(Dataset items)
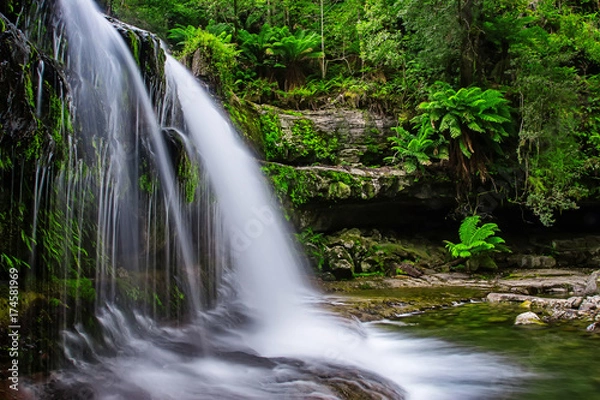 Fototapeta Liffey Falls State Reserve at the Midlands region of Tasmania, Australia..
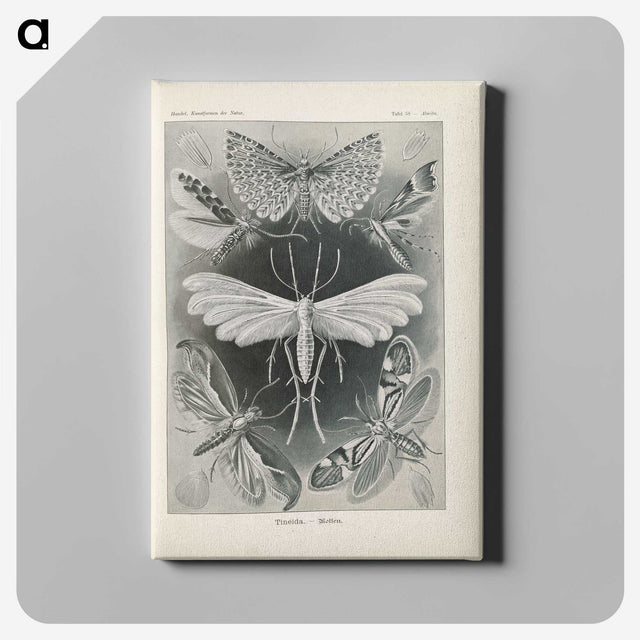 2-64_Ernst-Haeckel_canvas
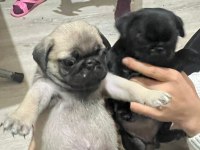 43 Günlük Temiz Kan Pug Yavrular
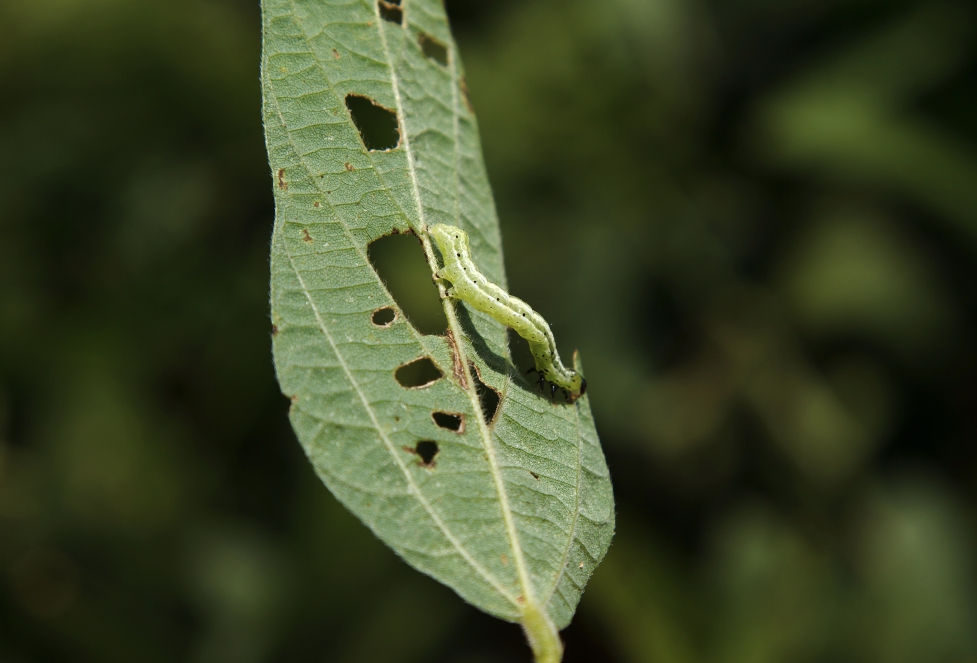 На борьбу с вредителями выходят деньги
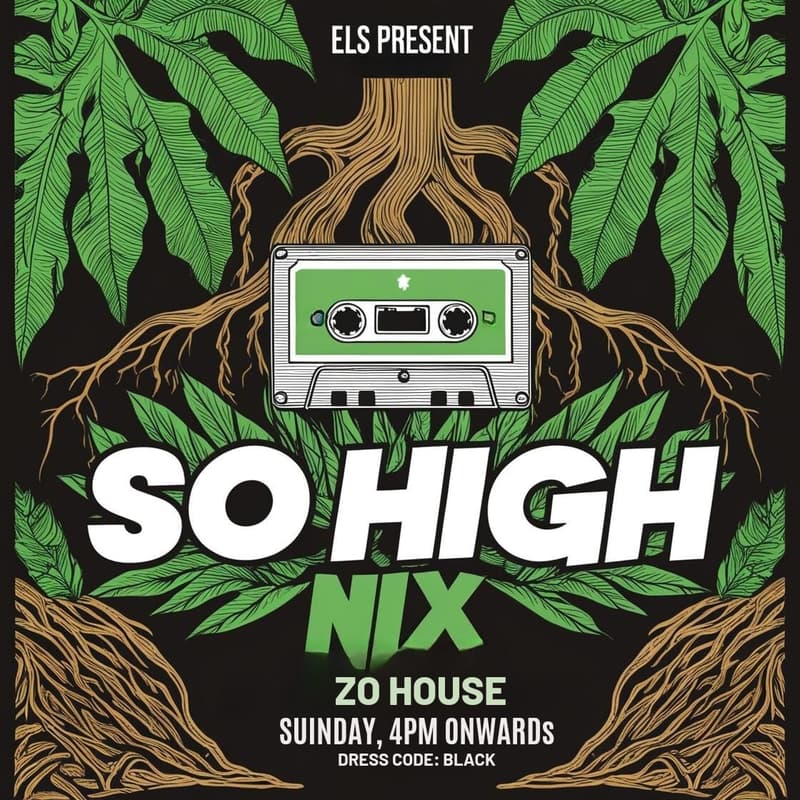 Cover Image for ELS presents So High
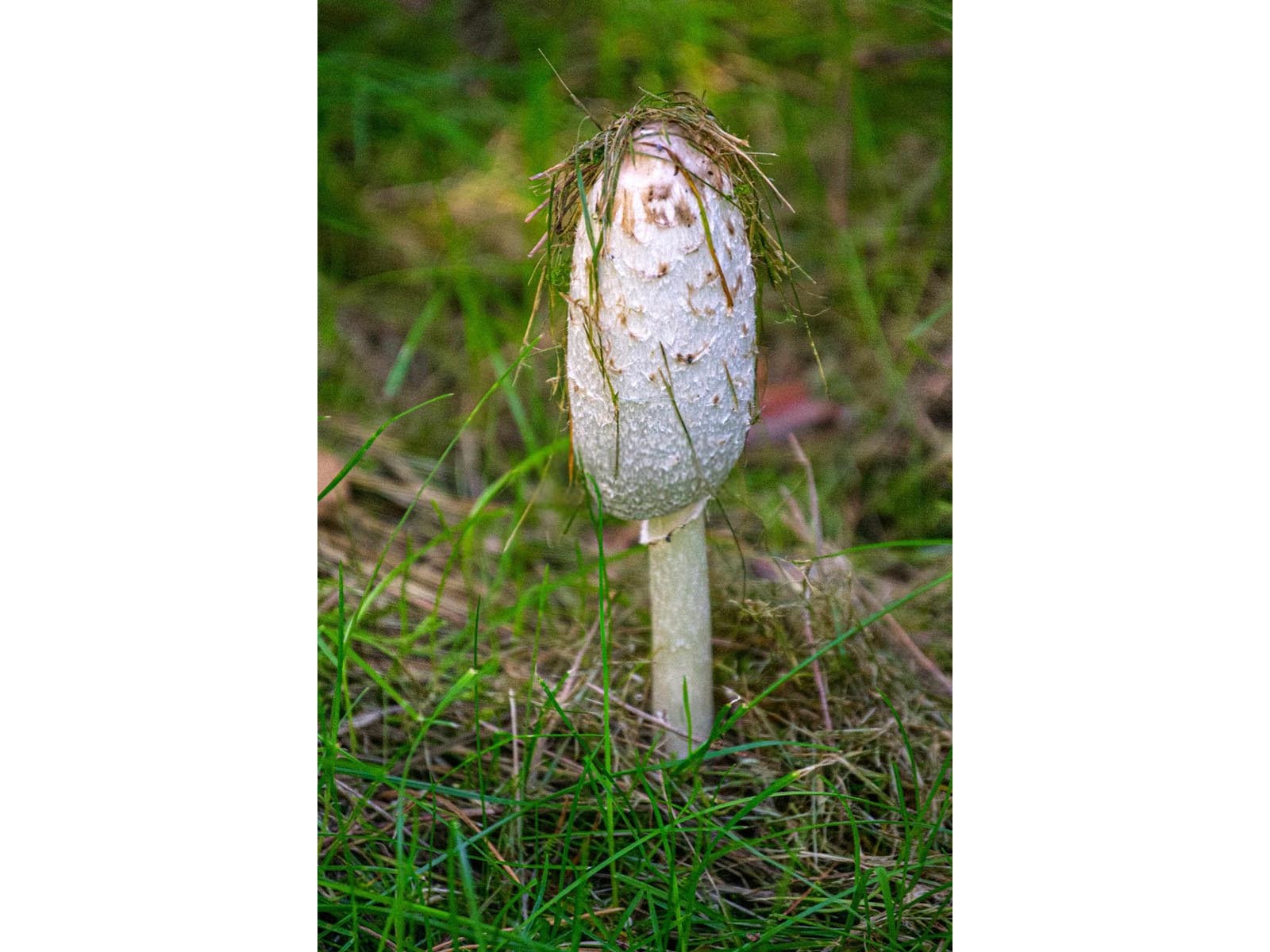 竹荪竹林套种技术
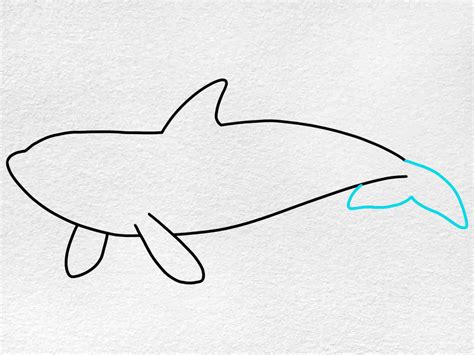 Killer Whale Drawing - HelloArtsy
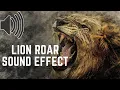 Download Lagu Lion Roar 🦁 Sound Effect🔊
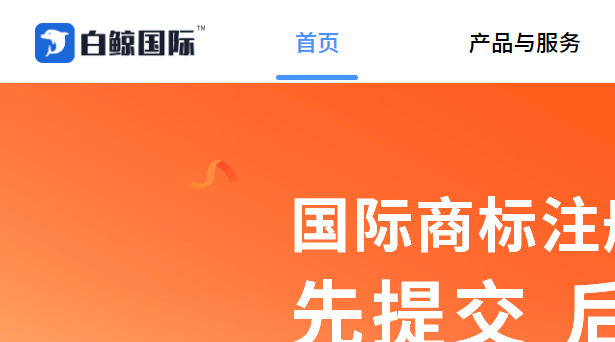 白鲸国际
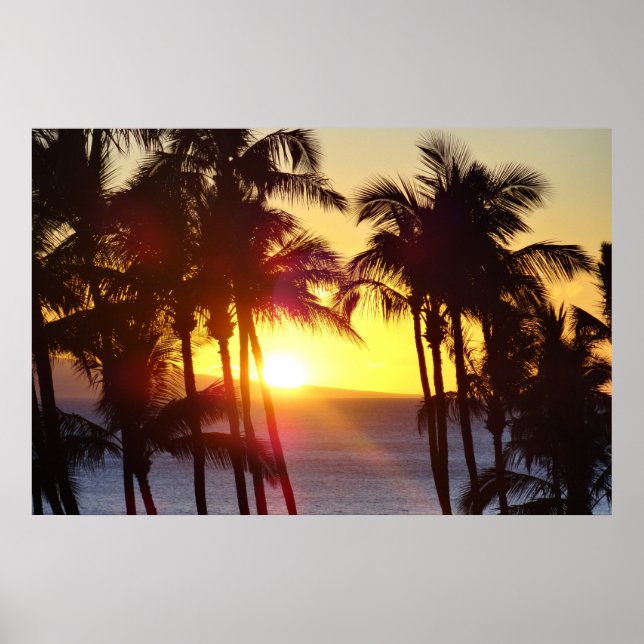 Poster Aloha Havaí Palmeiras Trópicos Pôr do Sol Viagem (Frente)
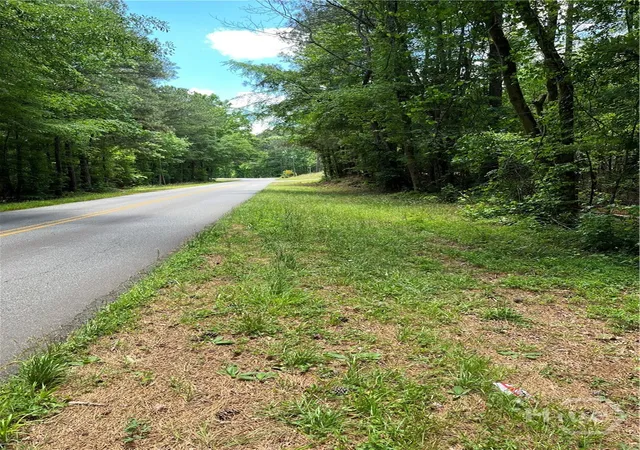 Homes for sale in Elberton, GA | 0 Stinchcomb Rd, Elberton, GA 30635 | MLS# CL356426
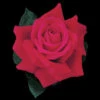 Mister Lincoln Hybrid Tea Rose 1 Mister Lincoln Hybrid Tea Rose -Maximas Flower Shop 23999 Rose MisterLincolnWEB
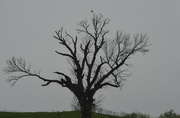 29th Apr 2019 - Bird on a Tree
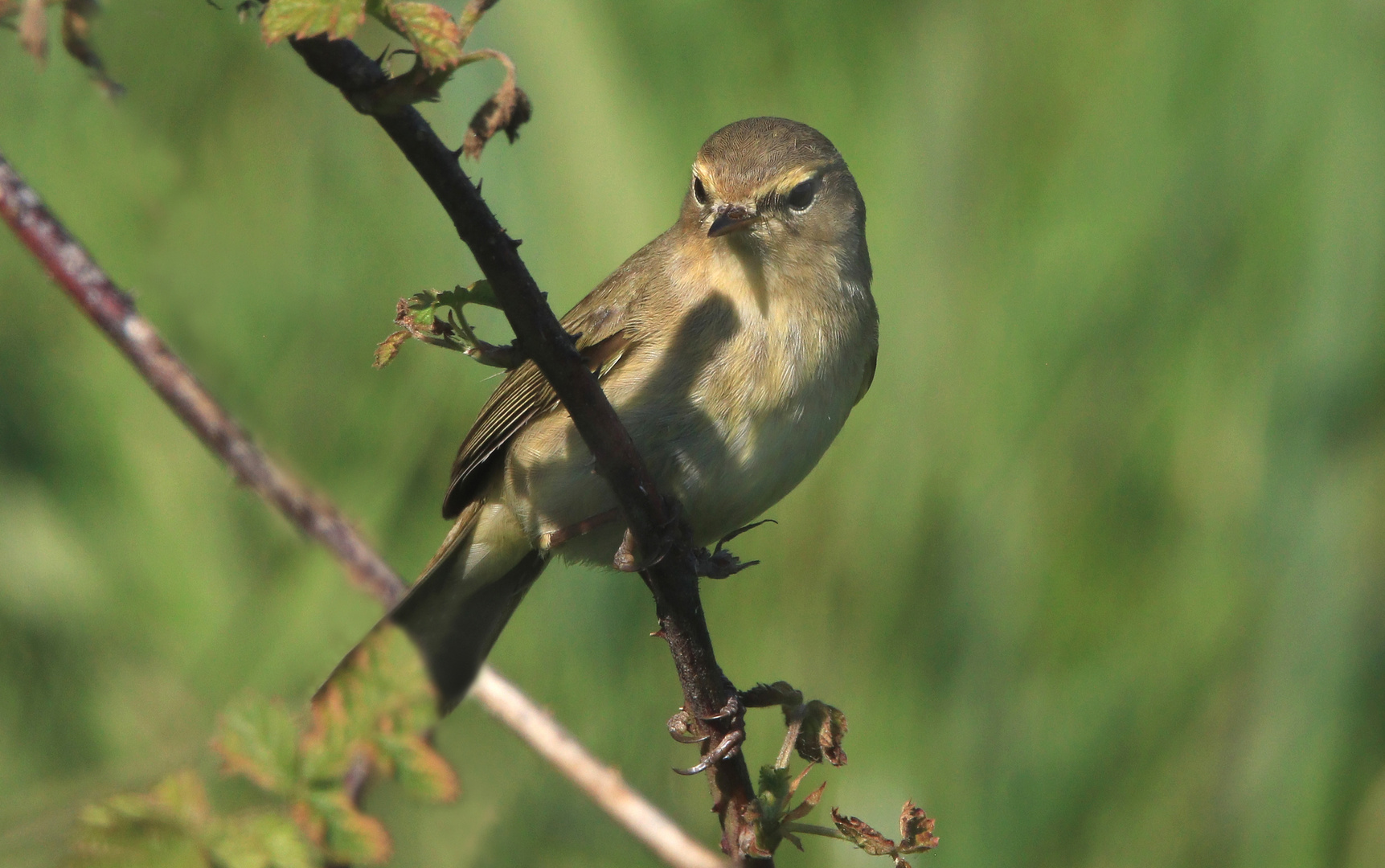 Fitis, Fitislaubsänger, Willow warbler, Phylloscopus trochilus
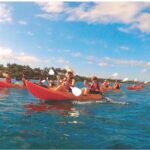 Makena Turtle Town Eco Adventure in Maui - Who Will Love This Tour?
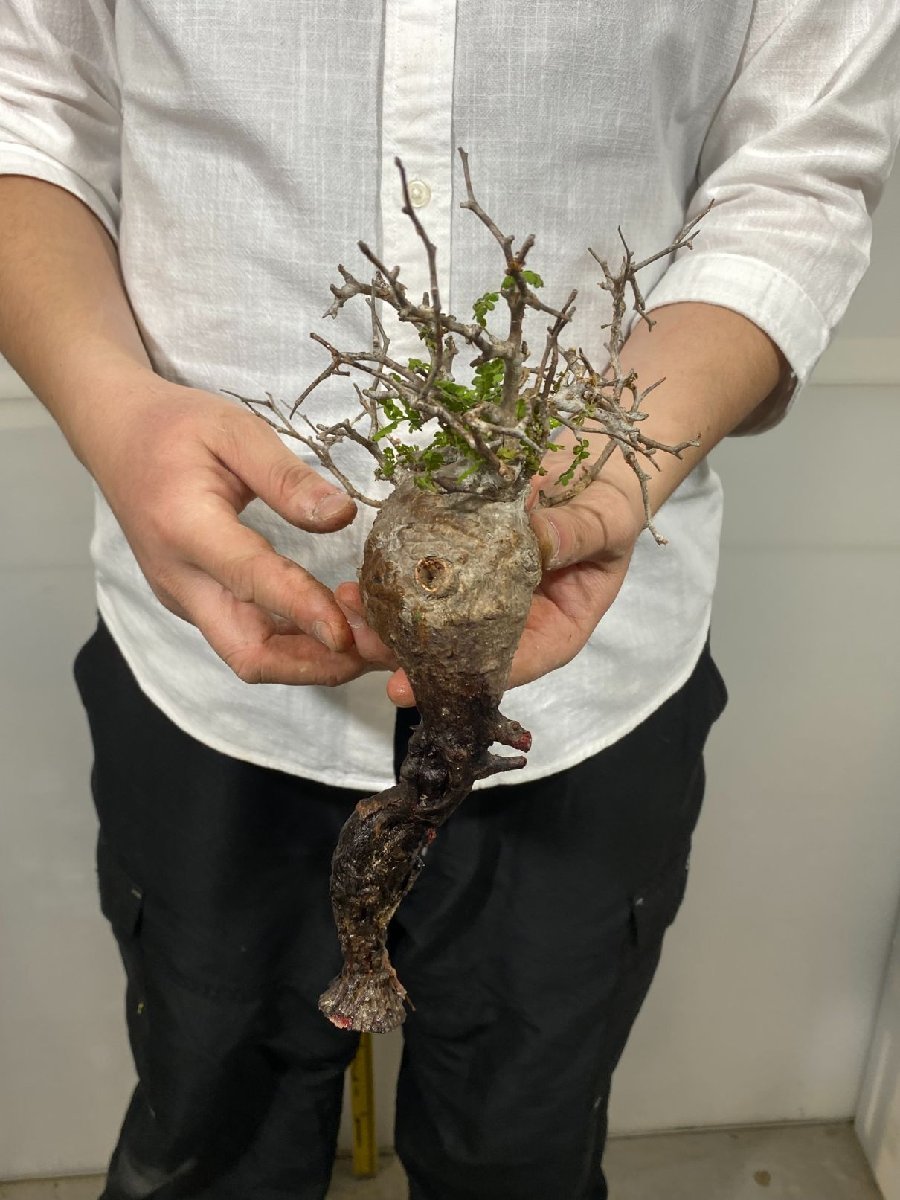 ン6461 のミニパキプス オペルクリカリア パキプス 抜き苗 12/16最新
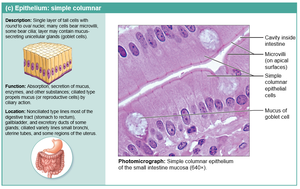 Simple columnar epithelium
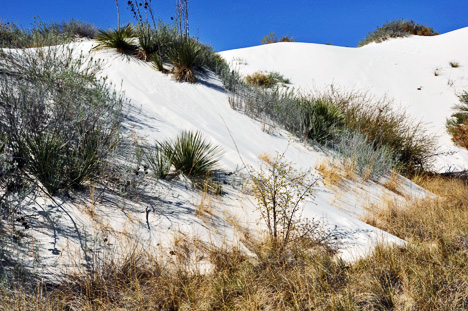 white sand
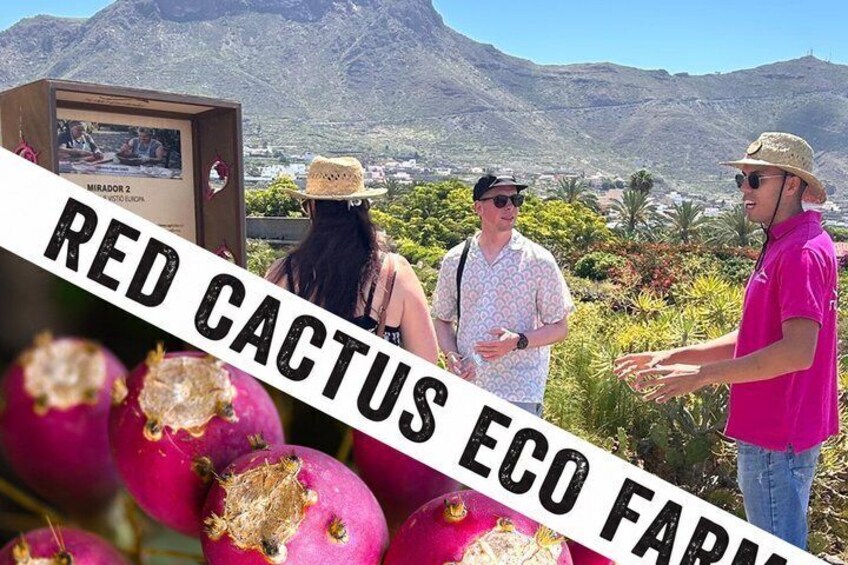 A group of people standing near a signboard with 'Mirador 2' and 'Eco Farm' visible, with a mountainous landscape in the background. 1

WORK ORDER –
Omit the pictures, then extract verbatim only those lines that fall between the line containing "Poster Aloha Havaí" and the final line of the records above, both included.

OUTPUT BELOW –
 Poster Aloha Havaí Palmeiras Trópicos Pôr do Sol Viagem (Frente)
 Homes for sale in Elberton, GA | 0 Stinchcomb Rd, Elberton, GA 30635 | MLS# CL356426
 Mister Lincoln Hybrid Tea Rose 1 Mister Lincoln Hybrid Tea Rose -Maximas Flower Shop 23999 Rose MisterLincolnWEB
 29th Apr 2019 - Bird on a Tree
 Fitis, Fitislaubsänger, Willow warbler, Phylloscopus trochilus
 Makena Turtle Town Eco Adventure in Maui - Who Will Love This Tour?
 ン6461 のミニパキプス オペルクリカリア パキプス 抜き苗 12/16最新
 Simple columnar epithelium
 white sand
 A group of people standing near a signboard with 'Mirador 2' and 'Eco Farm' visible, with a mountainous landscape in the background. 1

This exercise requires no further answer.